The clinical necessity of depression recovery (DR) stratification6,7,8 has propelled research of clinical9, genetic10,11,12, and neural predictors13. Several studies highlighted the role of the anterior medial prefrontal cortex (amPFC), as well as the anterior (ACC) and posterior cingulate cortex (PCC) in the prediction of DR after SSRI treatment14,15,16. Support is also provided by studies applying different treatment modalities17,18,19 and by research underscoring the importance of these brain regions in MDD pathobiology20,21. Beyond the amPFC, regions such as the anterior insula13,22, or dorsolateral PFC (dlPFC)23,24 were further suggested as predictors of DR.
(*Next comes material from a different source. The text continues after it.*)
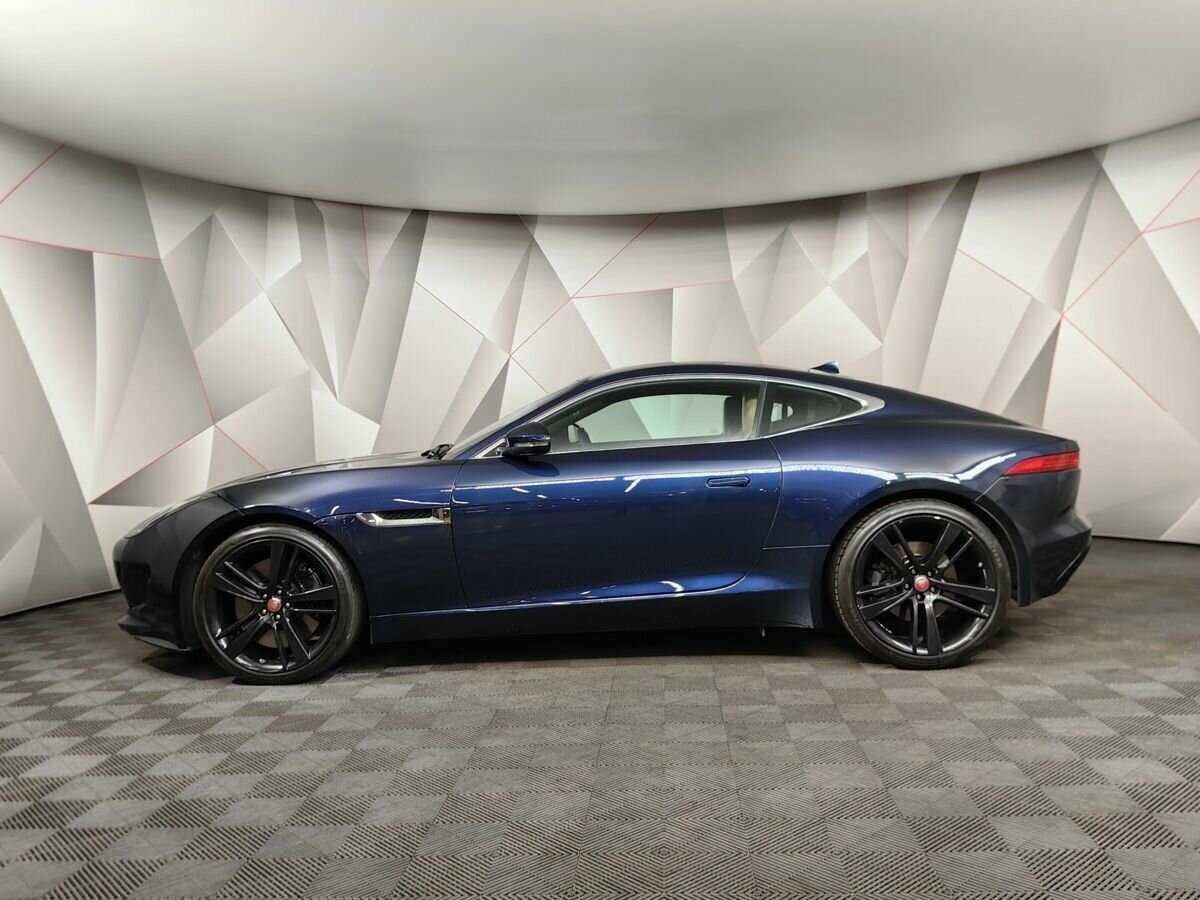 Купить Jaguar F-Type S, 2017, 49 437 км, фото №5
Unfortunately, even a large body of cross-sectional imaging studies has failed to conclusively identify brain mechanisms responsible for DR7,8,13,25,26. This lack of consistency is not surprising considering the temporal dynamics of interactions between mentioned brain systems13 affecting the individual outcome over the course of illness27,28. One promising approach assessing such longitudinal interactions is to study neural mediators and prognostic predictors of DR, which have hardly been investigated so far13,25 despite their obvious clinical implications6,8,13,29,30. In this context, a prognostic predictor is defined as a treatment- and recovery-preceding, cross-sectional imaging characteristic related to DR13,30,31. Hence, it is capable of identifying nonresponders prior any clinical sign of improvement. Consequently, it is uncorrelated to changing neuroimaging measures along recovery and thus time-invariant12,13. A neural mediator, however, exhibits typical changes that might reflect neural processes unfolding in concert with recovery from depression13,30,31. Hence, it is per definition a time-sensitive imaging measure correlating with DR12,13. Importantly, predictors based on longitudinal data differ substantially from a single predictor originating from a cross-sectional study design lacking any distinction between time-sensitive (mediator) and time-invariant (prognostic predictor) brain processes13,27,32,33. As a critical clinical consequence, validated prognostic predictors would provide objective markers of nonresponse that are available prior treatment initiation, whereas mediators support decisions of clinicians, researchers and drug developers along treatment13. Previous studies34,35,36 investigated unspecific “prognostic predictors”31 to foresee nonresponse across treatment groups. In contrast to “prescriptive predictors”31 of treatment-specific outcomes, these findings might improve our understanding of mechanisms involved in a suboptimal DR that are not targeted by current treatments to propel future developments.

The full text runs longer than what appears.